Aim of the exercise: Exactly the lines from the one containing "PASADENA, CALIFORNIA - JANUARY" through the end of the data, and nothing more, should be retyped; pictures stay out.

Dataset records:
——————
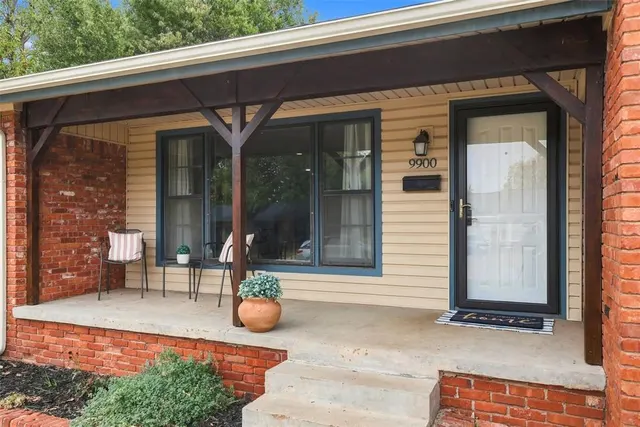 Photo 2 — 9900 Chesterton Place, The Village, OK 73120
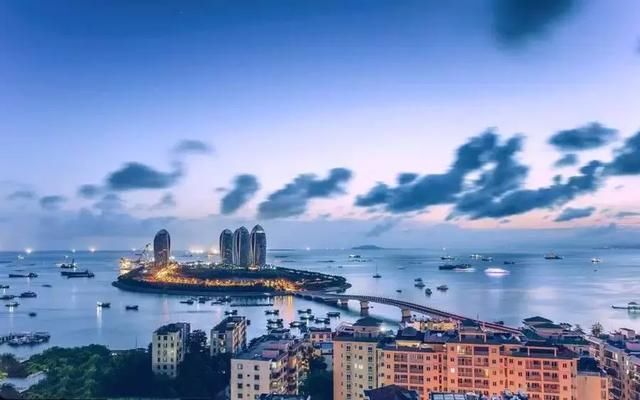 我国依靠旅游而崛起的城市，被网友戏称没有游客就“活不了”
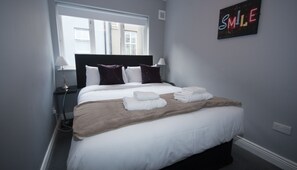 Appartement, 2 chambres | 1 chambre, bureau, fer et planche Ă repasser, Wi-Fi gratuit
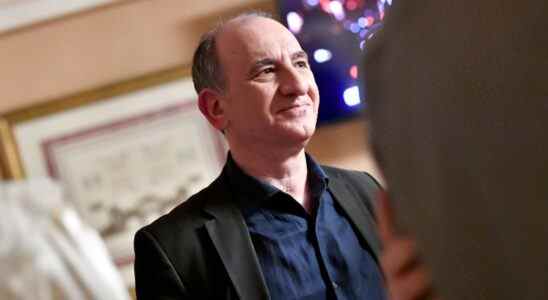 PASADENA, CALIFORNIA - JANUARY 15: Armando Iannucci of 'Avenue 5' poses in the green room during the 2020 Winter Television Critics Association Press Tour at The Langham Huntington, Pasadena on January 15, 2020 in Pasadena, California. 697450 (Photo by Emma McIntyre/Getty Images for WarnerMedia)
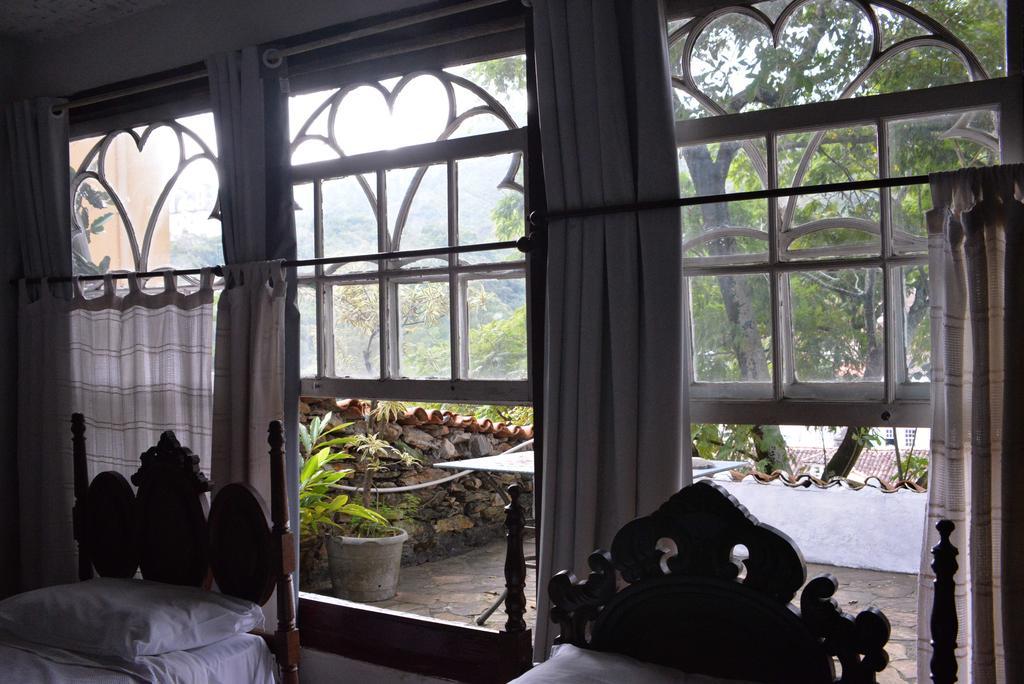 Pouso Do Chico Rei Hotel โอว์โรเปรโต ภายนอก รูปภาพ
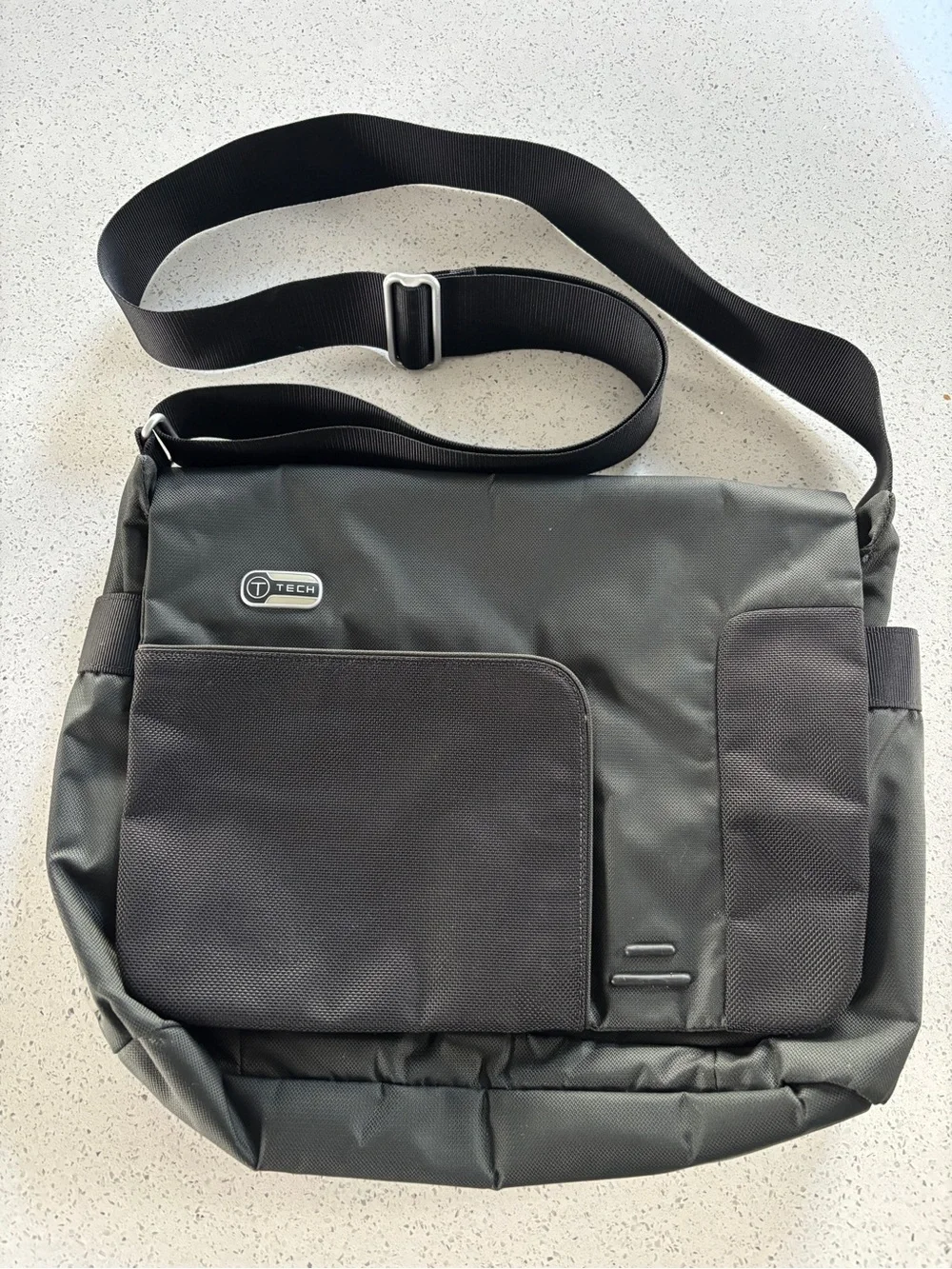 Tumi T-Tech Black/Grey Men's Messenger Bag - Tech-Friendly Shoulder Bag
——————
Exercise solution:
 PASADENA, CALIFORNIA - JANUARY 15: Armando Iannucci of 'Avenue 5' poses in the green room during the 2020 Winter Television Critics Association Press Tour at The Langham Huntington, Pasadena on January 15, 2020 in Pasadena, California. 697450 (Photo by Emma McIntyre/Getty Images for WarnerMedia)
 Pouso Do Chico Rei Hotel โอว์โรเปรโต ภายนอก รูปภาพ
 Tumi T-Tech Black/Grey Men's Messenger Bag - Tech-Friendly Shoulder Bag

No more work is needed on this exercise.